My view is 200ns of shoot-through is too long to permit to occur.
HY4008 mosfets are tough in some respects but weak in others.
They may survive (for example) 100 events of this short period of short circuit but then start failing some time after.

Much depends on the impedance of the DC bulk capacitors and wire thickness that connects the FET bridge to the capacitors. Some of us here have built inverters with
very low impedance, others not so low. My inverters have bulk capacitance about 1/10th or less than what I have seen here become the usual design. (Madness's boards for example). So a very low impedance means very high current during shoot-through.
A little higher impedance means less stress on the mosfets during shoot-through and that is why I like my boards to have 1/10 the capacitance.

Shoot-through occurs in other circumstances with our inverters.
I am talking about the dV/dT induced voltage spike seen on the gate of the low side mosfet. What happens is the low side mosfet gate voltage rises(or falls..) as a consequence of the fast rate of change of the Drain-Source voltage when the high side mosfet switches ON or OFF really quickly.
I have observed repeatedly this effect on my inverter boards.
The voltage rise is just enough to start the low side mosfets conducting.
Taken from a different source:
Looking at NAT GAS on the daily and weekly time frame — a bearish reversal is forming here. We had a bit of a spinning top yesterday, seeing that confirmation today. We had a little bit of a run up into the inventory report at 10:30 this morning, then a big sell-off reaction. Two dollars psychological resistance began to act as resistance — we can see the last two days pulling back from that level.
The rise is not enough to make them fully switch on, in my case at least.
But the gate does get a short pulse of about 4 or 5V and it comes from WITHIN THE MOSFET ITSELF.
In summary, my inverter board has 3 HY4008 per leg of the bridge and at about 24kHz 3 mosfets are switching on, inducing the low side mosfets to conduct a bit at the same
time. This state of affairs exists for years.
And I find myself wondering why the board failed after 6 months of this abuse?

I expect everyone here also has this dV/dT induced shoot-through.
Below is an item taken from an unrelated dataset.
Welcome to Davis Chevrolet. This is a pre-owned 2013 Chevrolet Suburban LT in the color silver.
Just how long can a HY4008 put up with one or another type of low level abuse?
That is the question. I think this forum has been in a round about way been working on the answers.

To get to the point, Wiseguy, I use the EGS002 modules because they cost $6 and after I modify them to remove the over current shutdown (both fast and slow types) they prove fine for the job. The recent proof that they prevent any gate drive driven shoot-through is more reason to go with them. I don't want to waste time fiddling when I can get a $6 thing that just works.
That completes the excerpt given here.